Assigned task
Leaving the pictures aside, transcribe the data below exactly.

Information shown
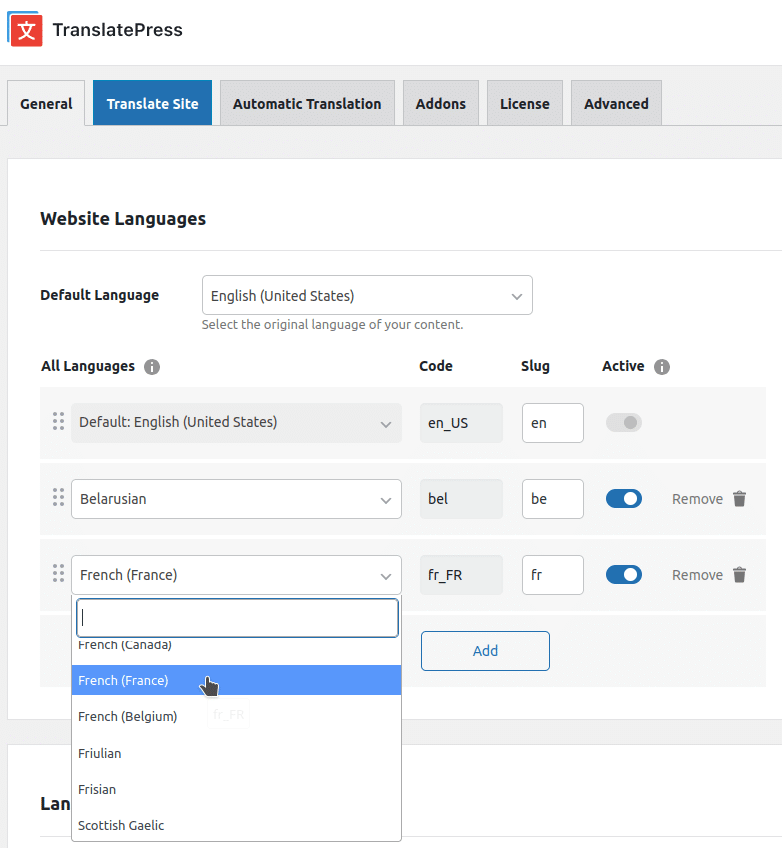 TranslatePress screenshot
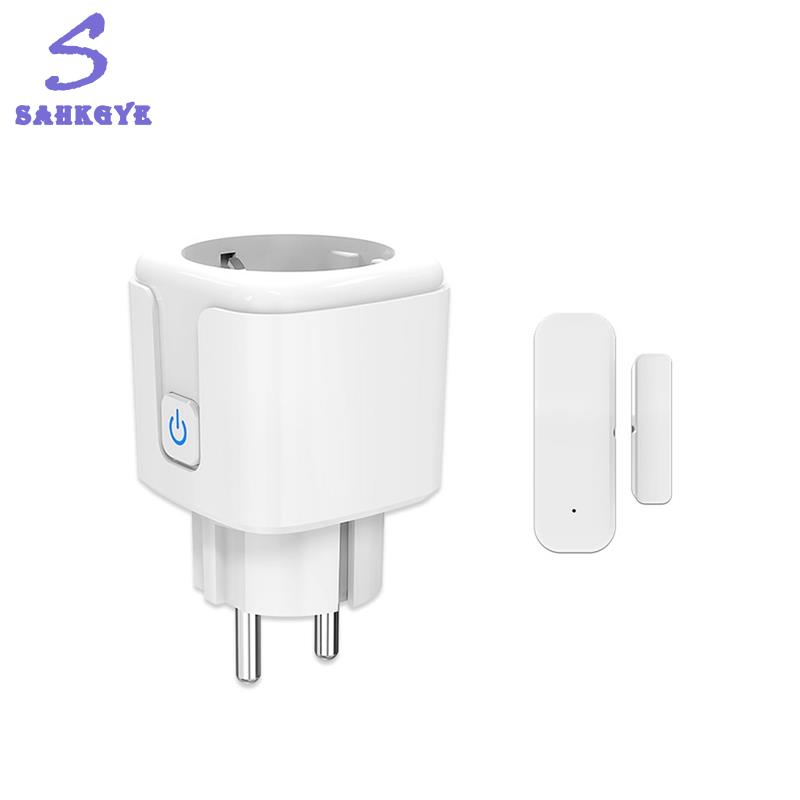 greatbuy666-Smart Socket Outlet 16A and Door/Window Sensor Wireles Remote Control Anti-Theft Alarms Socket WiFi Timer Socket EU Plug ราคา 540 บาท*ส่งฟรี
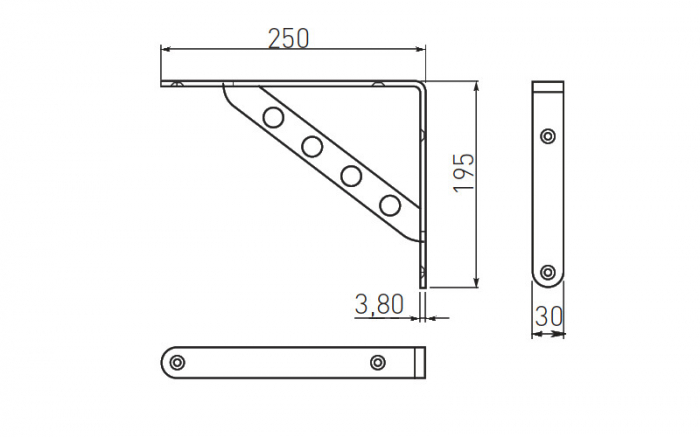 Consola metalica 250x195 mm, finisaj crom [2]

Response area
 TranslatePress screenshot
 greatbuy666-Smart Socket Outlet 16A and Door/Window Sensor Wireles Remote Control Anti-Theft Alarms Socket WiFi Timer Socket EU Plug ราคา 540 บาท*ส่งฟรี
 Consola metalica 250x195 mm, finisaj crom [2]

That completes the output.